Rand Paul: 10 things to know about soon-to-be presidential nominee

6 Apr, 2015 20:16 / Updated 10 years ago

US Senator Rand Paul is set to announce on Tuesday the official beginning of his campaign for the 2016 Republican presidential nomination. Though he has a record of thwarting his party’s establishment, a Rand Paul candidacy will likely not be as bold.

Paul has indicated of late that he will work to court more conventionally-conservative voters -- and big money donors -- while attempting to maintain his perceived outsider, libertarian credentials.

Here are ten things to know about the Kentucky senator a day before he announces his candidacy with the slogan: “Defeat the Washington machine. Unleash the American dream.” Beyond Tuesday, expect a spectrum of political pandering.

1. Foreign policy

After years of falling on the anti-interventionist side of the debate over America's place in the world, Paul straddled the line during the annual Conservative Political Action Conference in February. Paul said, according to the Washington Post, that his presidency would focus on “a national defense unparalleled, undefeated and unencumbered by nation-building."
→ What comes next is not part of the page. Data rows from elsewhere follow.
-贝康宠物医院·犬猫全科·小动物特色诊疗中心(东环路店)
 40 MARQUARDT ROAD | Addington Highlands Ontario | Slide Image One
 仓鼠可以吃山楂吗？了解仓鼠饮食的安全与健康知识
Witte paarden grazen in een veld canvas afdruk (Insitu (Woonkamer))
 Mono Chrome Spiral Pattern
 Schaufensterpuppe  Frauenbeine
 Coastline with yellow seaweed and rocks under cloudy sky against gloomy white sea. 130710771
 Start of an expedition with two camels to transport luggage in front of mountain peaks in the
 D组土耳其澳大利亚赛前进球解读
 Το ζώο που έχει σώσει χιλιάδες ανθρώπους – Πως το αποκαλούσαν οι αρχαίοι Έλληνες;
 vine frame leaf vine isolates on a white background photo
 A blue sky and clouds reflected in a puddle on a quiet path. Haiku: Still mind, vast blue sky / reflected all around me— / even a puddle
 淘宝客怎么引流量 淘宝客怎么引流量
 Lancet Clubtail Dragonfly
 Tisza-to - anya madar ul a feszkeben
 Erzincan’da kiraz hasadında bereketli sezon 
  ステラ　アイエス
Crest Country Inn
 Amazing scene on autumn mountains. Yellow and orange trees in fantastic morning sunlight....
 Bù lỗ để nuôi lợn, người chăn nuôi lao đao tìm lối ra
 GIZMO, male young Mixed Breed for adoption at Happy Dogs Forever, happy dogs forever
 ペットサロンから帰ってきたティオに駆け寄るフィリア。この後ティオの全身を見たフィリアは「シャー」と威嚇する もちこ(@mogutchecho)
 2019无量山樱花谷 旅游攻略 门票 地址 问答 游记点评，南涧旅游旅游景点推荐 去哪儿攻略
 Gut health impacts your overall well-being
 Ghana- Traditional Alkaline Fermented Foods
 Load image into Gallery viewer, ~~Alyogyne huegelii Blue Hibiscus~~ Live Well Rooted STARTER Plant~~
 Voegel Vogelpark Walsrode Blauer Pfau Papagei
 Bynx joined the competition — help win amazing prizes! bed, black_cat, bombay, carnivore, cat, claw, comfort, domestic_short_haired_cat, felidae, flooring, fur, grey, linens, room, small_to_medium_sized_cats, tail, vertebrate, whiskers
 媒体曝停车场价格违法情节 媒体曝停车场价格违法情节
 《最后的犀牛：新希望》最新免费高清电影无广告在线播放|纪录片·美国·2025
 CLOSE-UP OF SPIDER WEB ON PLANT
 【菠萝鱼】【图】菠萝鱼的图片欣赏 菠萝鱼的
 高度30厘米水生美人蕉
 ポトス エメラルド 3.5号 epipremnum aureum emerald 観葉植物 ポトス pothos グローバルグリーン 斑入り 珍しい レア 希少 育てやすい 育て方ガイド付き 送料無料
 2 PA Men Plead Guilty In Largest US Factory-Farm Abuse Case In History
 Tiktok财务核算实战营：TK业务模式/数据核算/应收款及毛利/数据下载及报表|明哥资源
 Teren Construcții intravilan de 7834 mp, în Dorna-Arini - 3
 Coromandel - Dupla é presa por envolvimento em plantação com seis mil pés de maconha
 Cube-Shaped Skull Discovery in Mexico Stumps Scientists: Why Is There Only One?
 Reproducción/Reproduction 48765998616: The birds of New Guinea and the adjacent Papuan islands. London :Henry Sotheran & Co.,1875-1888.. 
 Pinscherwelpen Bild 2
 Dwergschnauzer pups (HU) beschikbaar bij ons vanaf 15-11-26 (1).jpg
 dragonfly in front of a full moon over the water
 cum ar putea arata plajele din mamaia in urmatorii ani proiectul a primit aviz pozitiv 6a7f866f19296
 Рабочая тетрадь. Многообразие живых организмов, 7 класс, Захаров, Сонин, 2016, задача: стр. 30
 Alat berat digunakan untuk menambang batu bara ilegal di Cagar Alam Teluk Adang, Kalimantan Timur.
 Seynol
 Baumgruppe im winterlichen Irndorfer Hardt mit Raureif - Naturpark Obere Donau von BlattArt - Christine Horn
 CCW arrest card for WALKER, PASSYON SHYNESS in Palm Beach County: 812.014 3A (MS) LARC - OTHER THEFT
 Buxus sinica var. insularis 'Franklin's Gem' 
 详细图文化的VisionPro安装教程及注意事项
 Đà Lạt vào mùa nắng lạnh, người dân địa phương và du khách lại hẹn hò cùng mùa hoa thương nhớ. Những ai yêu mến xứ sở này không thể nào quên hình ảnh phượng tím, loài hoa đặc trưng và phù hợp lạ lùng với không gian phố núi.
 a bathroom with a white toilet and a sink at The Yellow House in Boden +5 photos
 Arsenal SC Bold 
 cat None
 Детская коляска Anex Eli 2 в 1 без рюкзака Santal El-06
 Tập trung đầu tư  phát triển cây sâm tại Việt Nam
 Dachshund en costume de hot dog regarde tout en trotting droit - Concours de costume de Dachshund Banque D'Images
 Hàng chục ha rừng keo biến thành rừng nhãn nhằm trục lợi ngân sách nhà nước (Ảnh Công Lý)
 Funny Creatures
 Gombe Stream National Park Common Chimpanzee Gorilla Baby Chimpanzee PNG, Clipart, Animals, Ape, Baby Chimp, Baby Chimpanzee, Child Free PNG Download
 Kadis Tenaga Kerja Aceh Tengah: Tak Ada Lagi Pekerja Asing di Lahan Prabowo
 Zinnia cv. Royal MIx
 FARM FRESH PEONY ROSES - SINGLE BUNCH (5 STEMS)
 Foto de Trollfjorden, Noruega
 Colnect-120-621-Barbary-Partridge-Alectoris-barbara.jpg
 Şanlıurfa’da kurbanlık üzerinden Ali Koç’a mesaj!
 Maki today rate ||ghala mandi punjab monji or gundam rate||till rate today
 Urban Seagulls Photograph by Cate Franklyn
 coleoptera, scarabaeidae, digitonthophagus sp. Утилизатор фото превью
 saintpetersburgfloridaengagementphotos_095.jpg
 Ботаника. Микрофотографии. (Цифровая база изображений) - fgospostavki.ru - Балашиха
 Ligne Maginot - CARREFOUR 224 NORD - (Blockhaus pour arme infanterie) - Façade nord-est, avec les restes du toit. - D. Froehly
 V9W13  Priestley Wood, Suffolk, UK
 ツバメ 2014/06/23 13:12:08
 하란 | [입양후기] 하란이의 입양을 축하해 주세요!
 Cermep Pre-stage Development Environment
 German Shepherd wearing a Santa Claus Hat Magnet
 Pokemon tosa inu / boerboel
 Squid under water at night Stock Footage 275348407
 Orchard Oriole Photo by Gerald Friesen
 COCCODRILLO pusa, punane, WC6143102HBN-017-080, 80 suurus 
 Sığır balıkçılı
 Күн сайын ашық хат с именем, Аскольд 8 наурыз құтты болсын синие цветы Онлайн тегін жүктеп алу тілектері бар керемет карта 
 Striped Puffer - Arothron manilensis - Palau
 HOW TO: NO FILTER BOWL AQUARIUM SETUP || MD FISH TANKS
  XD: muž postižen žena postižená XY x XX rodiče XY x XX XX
Last June, he said US policy had created extremist-laden "jihadist wonderlands" in the likes of Iraq and Libya through America's persistent meddling in the affairs of foreign nations. And while he has called likely Democratic presidential candidate Hillary Clinton a "war hawk" bent on involving the US in further conflicts in the Middle East, he has also pined for more American military action in order to "destroy" the Islamic State, an extremist group especially strong in Syria and Iraq.

While voting for war against Islamic State, Paul also opposed arming rebel groups in Syria, criticizing the effort for potentially boosting the same fighters that are battling alongside Islamic State militants in the Syrian civil war against President Bashar Assad.

Paul has also called for a boycott of Saudi Arabia, America's influential ally in the Middle East and leading partner in the coalition fighting Islamic State militants.

2. Iran

On Iran and its nuclear program, Paul has not been as hawkish as some of his peers in the GOP. In 2012, he voted against a non-binding resolution to prevent Iran from acquiring nuclear weapons, calling the proposal a de-facto declaration of war. He has also opposed harsher sanctions against Iran, again saying he was against to any effort that could be considered an act of war.

“Before sending our young men and women into combat we should have a mature and thoughtful debate over the ramifications of war, over the advisability of war and over the objectives of the war,” Paul said.

Paul has chastised his party for obstructing nuclear negotiations between Iran and Obama administration officials. Yet, last month, Paul signed a Republican letter sent to Iran leadership announcing that any deal the Obama administration negotiated with Tehran over its nuclear program would likely dissolve if a Republican replaced Obama in January 2017, when Obama will leave office. The move was decried as political meddling in diplomatic affairs by a US Congress. Paul said he only signed it to strengthen the president's hand.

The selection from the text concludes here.